**ACTION ITEM**
Every line from the one holding "Customize Parameter Swing" through the one holding "I have the ARC" in the data below must be returned exactly, both ends included, with pictures left out and nothing else added.

**DATA FOR THIS EXERCISE**
*** Begin section ***

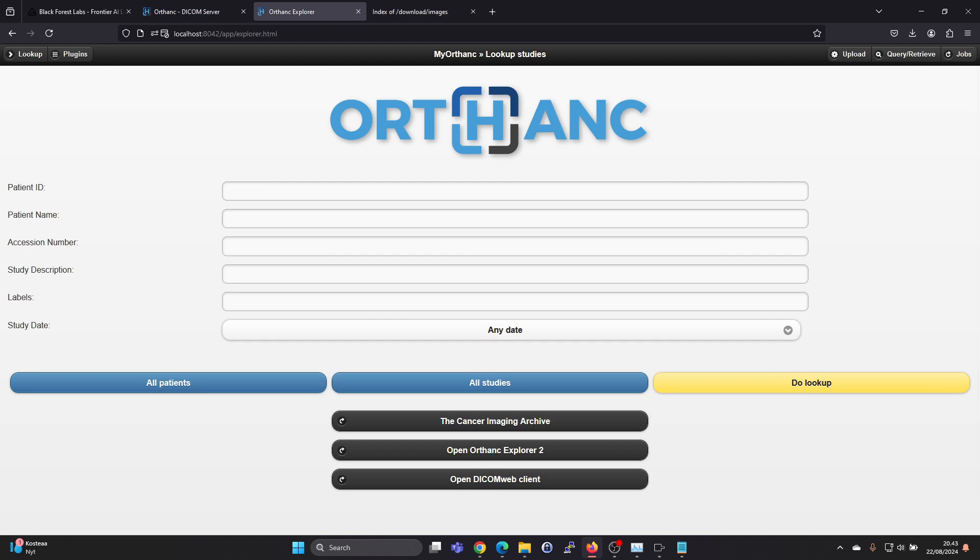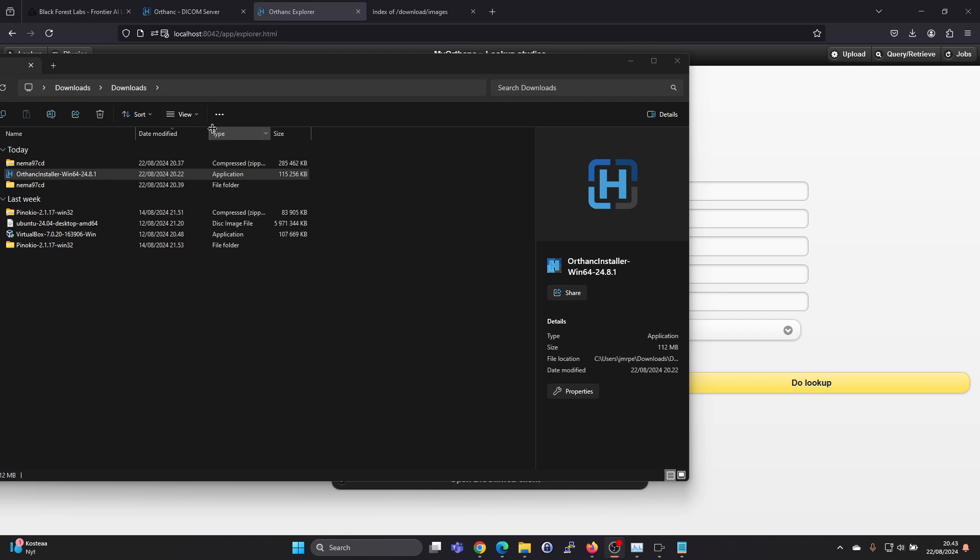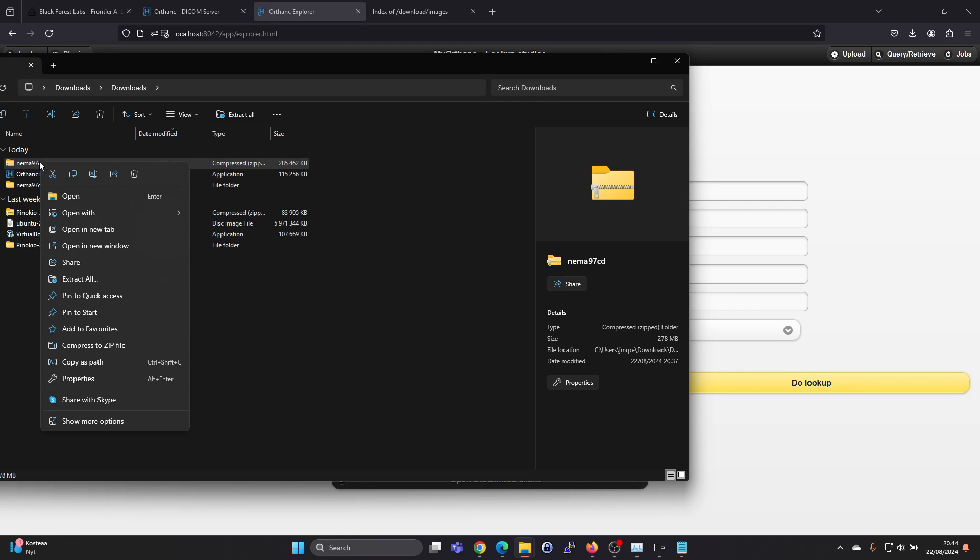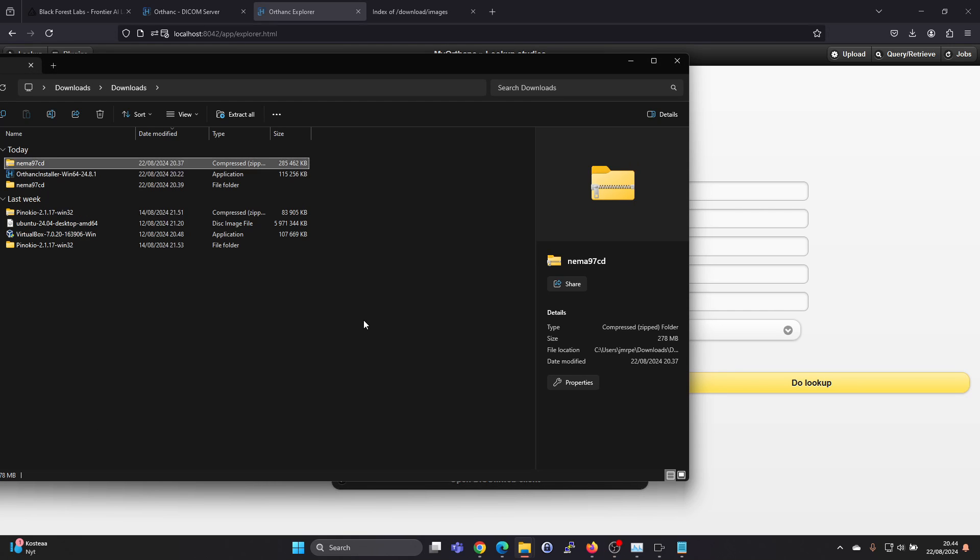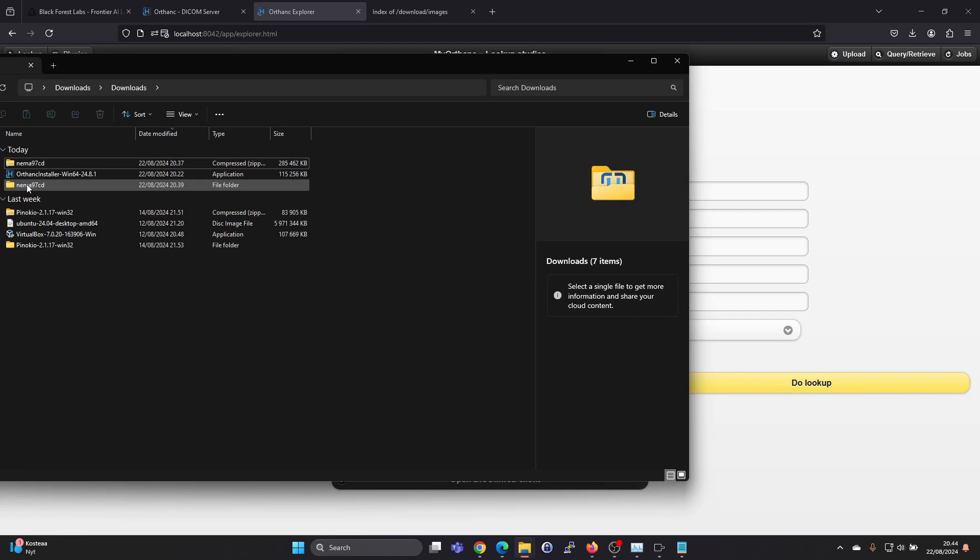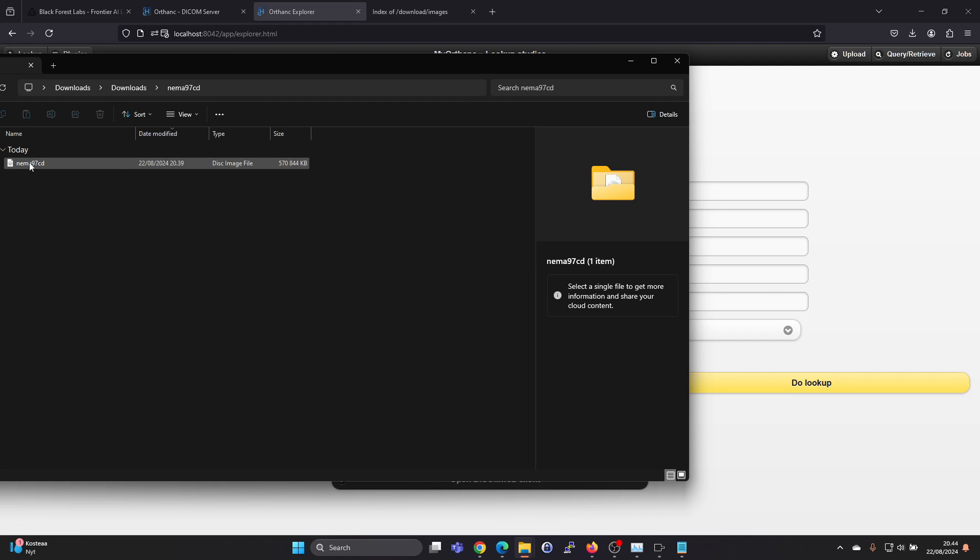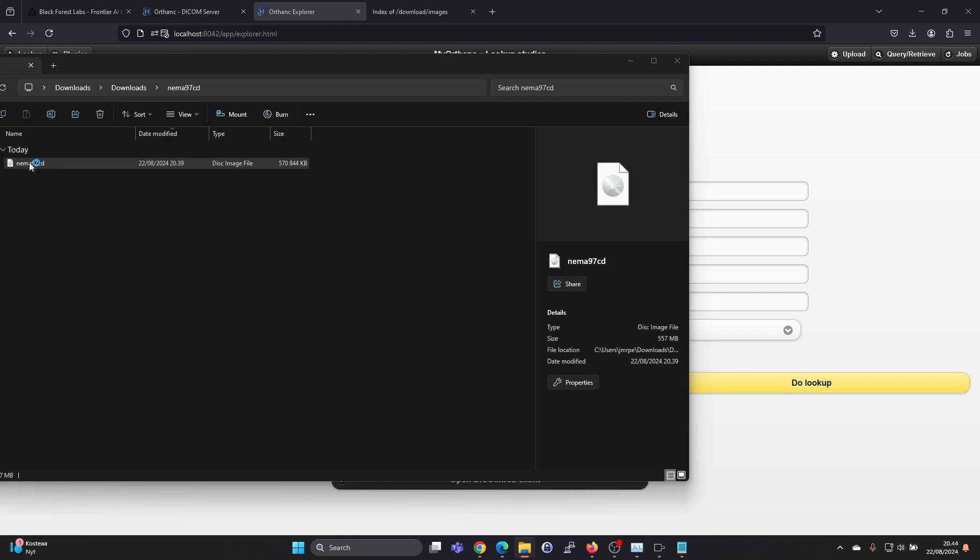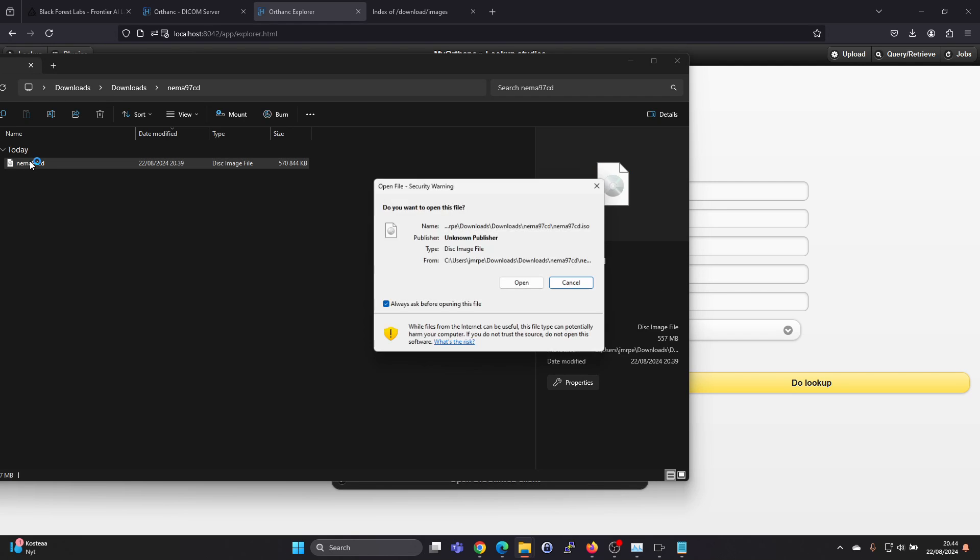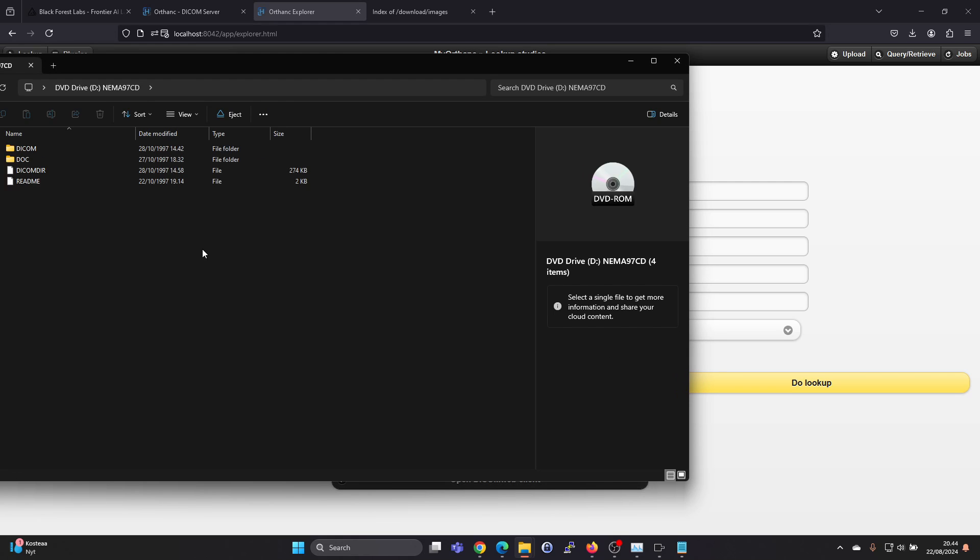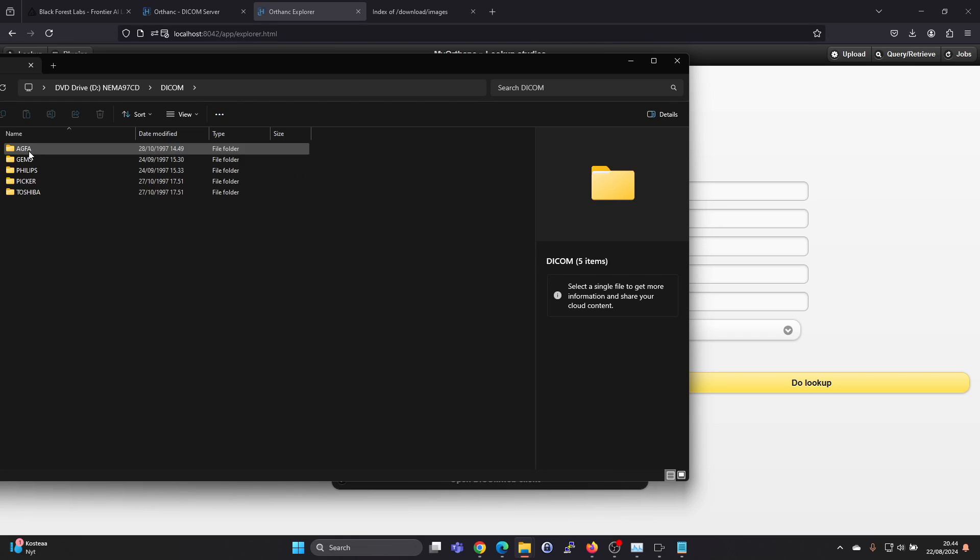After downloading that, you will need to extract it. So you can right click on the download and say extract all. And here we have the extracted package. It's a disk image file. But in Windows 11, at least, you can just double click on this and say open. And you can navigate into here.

*** End section ***
*** Begin section ***

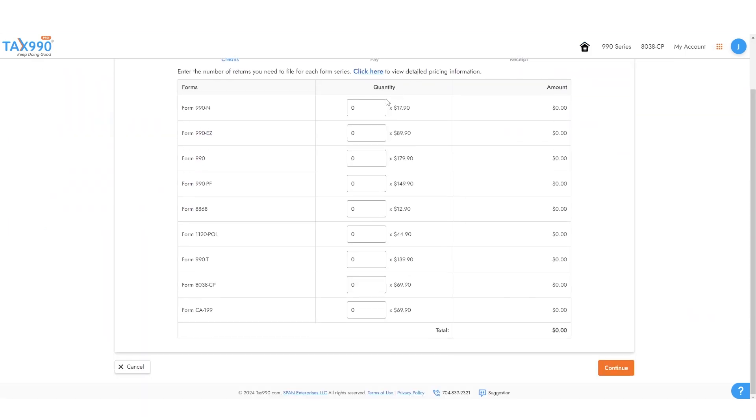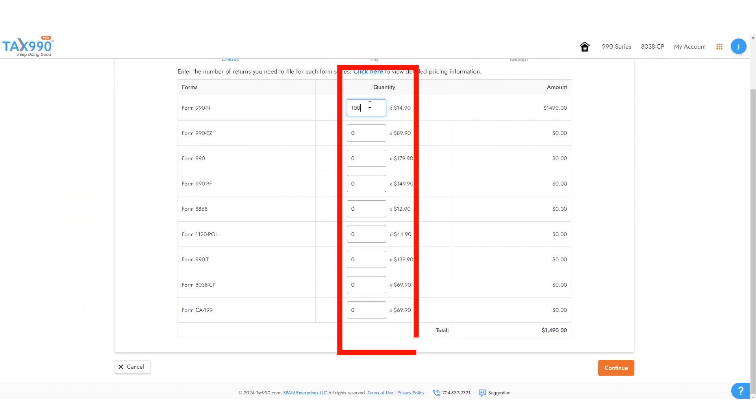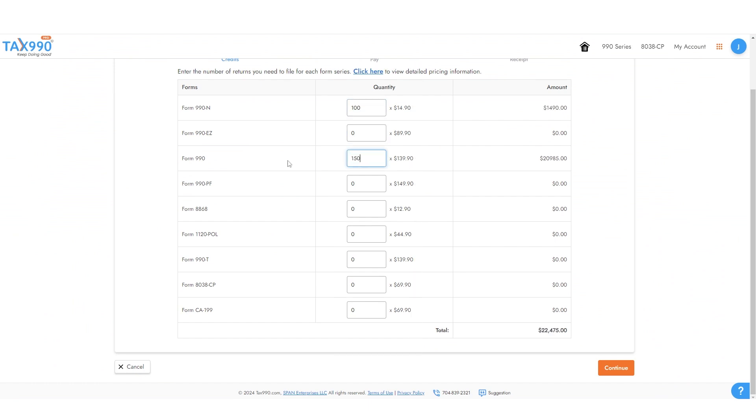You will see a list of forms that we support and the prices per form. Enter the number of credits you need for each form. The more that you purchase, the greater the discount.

*** End section ***
*** Begin section ***

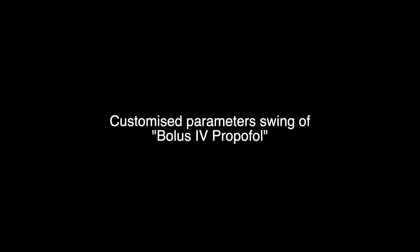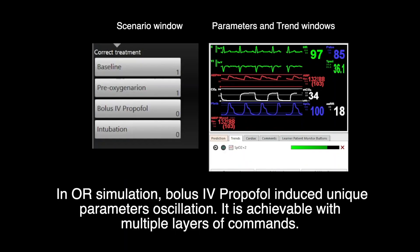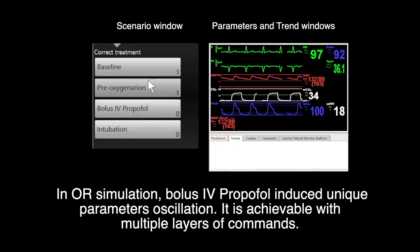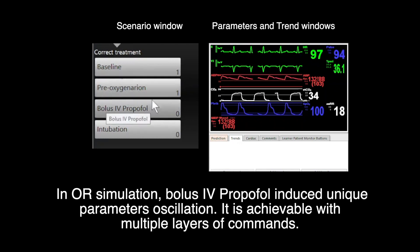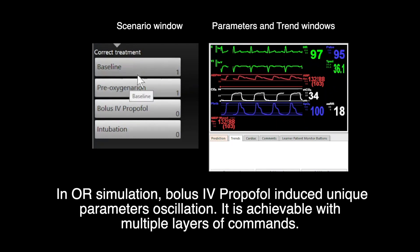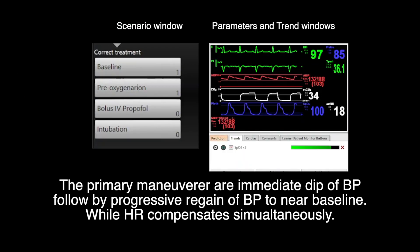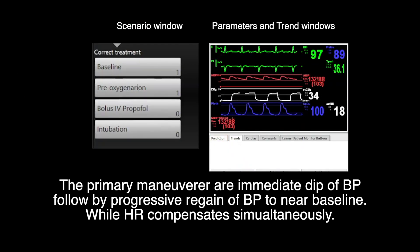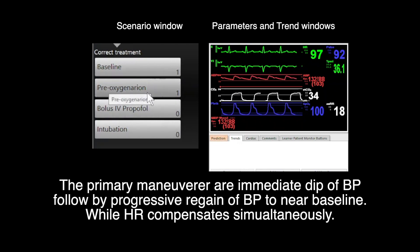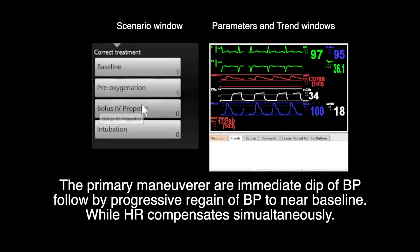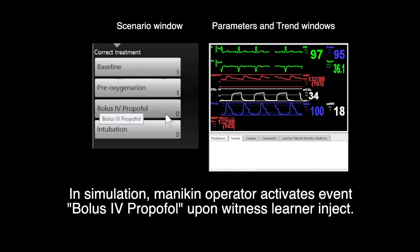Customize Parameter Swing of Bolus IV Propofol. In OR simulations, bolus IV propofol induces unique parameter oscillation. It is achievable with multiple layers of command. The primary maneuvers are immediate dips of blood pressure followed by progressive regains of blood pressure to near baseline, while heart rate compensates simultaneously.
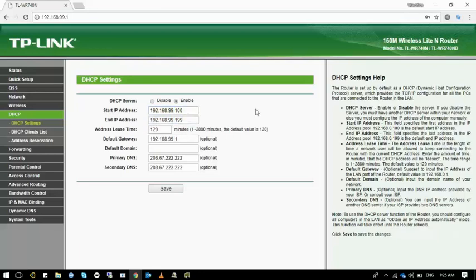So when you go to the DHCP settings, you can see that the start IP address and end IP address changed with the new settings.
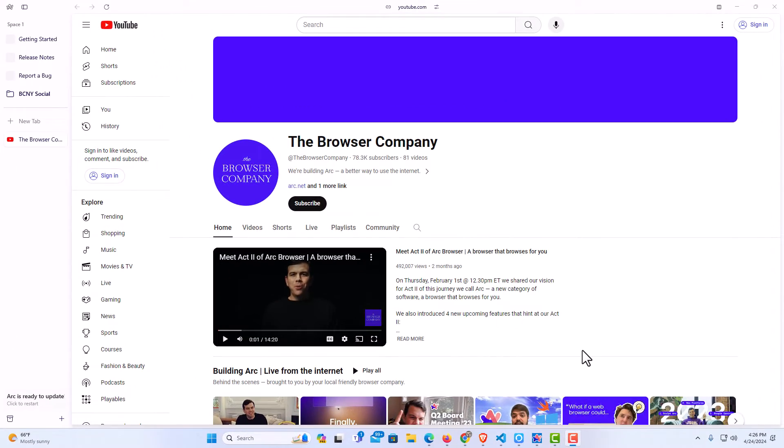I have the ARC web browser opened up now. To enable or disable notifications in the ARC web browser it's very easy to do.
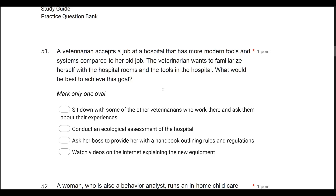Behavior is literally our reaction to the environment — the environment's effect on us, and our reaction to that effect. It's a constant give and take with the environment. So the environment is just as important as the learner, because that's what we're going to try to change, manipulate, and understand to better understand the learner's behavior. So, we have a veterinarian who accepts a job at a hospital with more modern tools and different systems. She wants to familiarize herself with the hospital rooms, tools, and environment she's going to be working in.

*** End section ***

**OUTPUT**
Customize Parameter Swing of Bolus IV Propofol. In OR simulations, bolus IV propofol induces unique parameter oscillation. It is achievable with multiple layers of command. The primary maneuvers are immediate dips of blood pressure followed by progressive regains of blood pressure to near baseline, while heart rate compensates simultaneously.
So when you go to the DHCP settings, you can see that the start IP address and end IP address changed with the new settings.
I have the ARC web browser opened up now. To enable or disable notifications in the ARC web browser it's very easy to do.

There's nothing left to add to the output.